_Task to carry out_
Send back every record word for word, with nothing missing.

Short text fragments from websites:

###

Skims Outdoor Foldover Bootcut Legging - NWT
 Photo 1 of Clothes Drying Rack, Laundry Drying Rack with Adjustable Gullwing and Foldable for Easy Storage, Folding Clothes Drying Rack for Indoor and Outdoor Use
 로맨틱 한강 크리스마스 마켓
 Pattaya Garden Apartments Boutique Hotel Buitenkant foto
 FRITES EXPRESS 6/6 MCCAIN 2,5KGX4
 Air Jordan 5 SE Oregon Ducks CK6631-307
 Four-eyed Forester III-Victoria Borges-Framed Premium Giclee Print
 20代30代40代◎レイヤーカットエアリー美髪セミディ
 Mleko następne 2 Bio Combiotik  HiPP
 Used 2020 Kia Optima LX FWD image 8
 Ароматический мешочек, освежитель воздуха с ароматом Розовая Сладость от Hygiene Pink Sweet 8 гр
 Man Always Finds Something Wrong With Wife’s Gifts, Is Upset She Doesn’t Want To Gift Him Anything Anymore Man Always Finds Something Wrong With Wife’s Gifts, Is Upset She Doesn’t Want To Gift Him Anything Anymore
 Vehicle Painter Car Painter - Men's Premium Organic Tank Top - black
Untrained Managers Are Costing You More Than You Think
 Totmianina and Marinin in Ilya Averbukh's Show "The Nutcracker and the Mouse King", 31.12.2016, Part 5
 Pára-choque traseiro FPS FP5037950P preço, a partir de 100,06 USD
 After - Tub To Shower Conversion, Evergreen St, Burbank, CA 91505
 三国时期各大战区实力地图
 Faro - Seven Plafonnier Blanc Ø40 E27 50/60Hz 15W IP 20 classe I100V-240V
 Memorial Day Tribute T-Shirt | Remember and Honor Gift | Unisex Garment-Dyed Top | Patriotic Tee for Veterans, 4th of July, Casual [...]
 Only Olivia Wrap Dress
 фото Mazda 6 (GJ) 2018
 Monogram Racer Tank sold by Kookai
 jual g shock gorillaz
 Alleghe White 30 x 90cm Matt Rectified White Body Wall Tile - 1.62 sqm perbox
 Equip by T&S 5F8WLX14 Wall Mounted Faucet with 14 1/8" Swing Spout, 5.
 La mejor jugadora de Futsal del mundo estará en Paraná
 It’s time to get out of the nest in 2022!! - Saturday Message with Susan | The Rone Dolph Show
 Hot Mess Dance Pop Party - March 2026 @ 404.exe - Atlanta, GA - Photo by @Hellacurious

###

_Result_
Skims Outdoor Foldover Bootcut Legging - NWT
 Photo 1 of Clothes Drying Rack, Laundry Drying Rack with Adjustable Gullwing and Foldable for Easy Storage, Folding Clothes Drying Rack for Indoor and Outdoor Use
 로맨틱 한강 크리스마스 마켓
 Pattaya Garden Apartments Boutique Hotel Buitenkant foto
 FRITES EXPRESS 6/6 MCCAIN 2,5KGX4
 Air Jordan 5 SE Oregon Ducks CK6631-307
 Four-eyed Forester III-Victoria Borges-Framed Premium Giclee Print
 20代30代40代◎レイヤーカットエアリー美髪セミディ
 Mleko następne 2 Bio Combiotik  HiPP
 Used 2020 Kia Optima LX FWD image 8
 Ароматический мешочек, освежитель воздуха с ароматом Розовая Сладость от Hygiene Pink Sweet 8 гр
 Man Always Finds Something Wrong With Wife’s Gifts, Is Upset She Doesn’t Want To Gift Him Anything Anymore Man Always Finds Something Wrong With Wife’s Gifts, Is Upset She Doesn’t Want To Gift Him Anything Anymore
 Vehicle Painter Car Painter - Men's Premium Organic Tank Top - black
Untrained Managers Are Costing You More Than You Think
 Totmianina and Marinin in Ilya Averbukh's Show "The Nutcracker and the Mouse King", 31.12.2016, Part 5
 Pára-choque traseiro FPS FP5037950P preço, a partir de 100,06 USD
 After - Tub To Shower Conversion, Evergreen St, Burbank, CA 91505
 三国时期各大战区实力地图
 Faro - Seven Plafonnier Blanc Ø40 E27 50/60Hz 15W IP 20 classe I100V-240V
 Memorial Day Tribute T-Shirt | Remember and Honor Gift | Unisex Garment-Dyed Top | Patriotic Tee for Veterans, 4th of July, Casual [...]
 Only Olivia Wrap Dress
 фото Mazda 6 (GJ) 2018
 Monogram Racer Tank sold by Kookai
 jual g shock gorillaz
 Alleghe White 30 x 90cm Matt Rectified White Body Wall Tile - 1.62 sqm perbox
 Equip by T&S 5F8WLX14 Wall Mounted Faucet with 14 1/8" Swing Spout, 5.
 La mejor jugadora de Futsal del mundo estará en Paraná
 It’s time to get out of the nest in 2022!! - Saturday Message with Susan | The Rone Dolph Show
 Hot Mess Dance Pop Party - March 2026 @ 404.exe - Atlanta, GA - Photo by @Hellacurious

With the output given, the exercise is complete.